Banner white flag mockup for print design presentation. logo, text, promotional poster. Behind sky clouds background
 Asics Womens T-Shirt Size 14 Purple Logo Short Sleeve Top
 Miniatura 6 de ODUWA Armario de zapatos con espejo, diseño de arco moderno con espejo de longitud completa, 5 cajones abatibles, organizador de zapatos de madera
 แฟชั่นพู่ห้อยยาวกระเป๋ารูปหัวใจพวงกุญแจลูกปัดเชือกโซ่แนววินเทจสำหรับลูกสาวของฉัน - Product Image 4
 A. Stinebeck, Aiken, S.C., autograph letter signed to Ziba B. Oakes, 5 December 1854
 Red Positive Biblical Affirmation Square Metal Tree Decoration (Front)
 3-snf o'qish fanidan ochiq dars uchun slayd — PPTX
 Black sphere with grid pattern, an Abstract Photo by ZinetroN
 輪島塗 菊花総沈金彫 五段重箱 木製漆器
------------------------------
__EXERCISE DESCRIPTION__
A complete, exact transcription of the data above is required.

__TASK ANSWER__
Banner white flag mockup for print design presentation. logo, text, promotional poster. Behind sky clouds background
 Asics Womens T-Shirt Size 14 Purple Logo Short Sleeve Top
 Miniatura 6 de ODUWA Armario de zapatos con espejo, diseño de arco moderno con espejo de longitud completa, 5 cajones abatibles, organizador de zapatos de madera
 แฟชั่นพู่ห้อยยาวกระเป๋ารูปหัวใจพวงกุญแจลูกปัดเชือกโซ่แนววินเทจสำหรับลูกสาวของฉัน - Product Image 4
 A. Stinebeck, Aiken, S.C., autograph letter signed to Ziba B. Oakes, 5 December 1854
 Red Positive Biblical Affirmation Square Metal Tree Decoration (Front)
 3-snf o'qish fanidan ochiq dars uchun slayd — PPTX
 Black sphere with grid pattern, an Abstract Photo by ZinetroN
 輪島塗 菊花総沈金彫 五段重箱 木製漆器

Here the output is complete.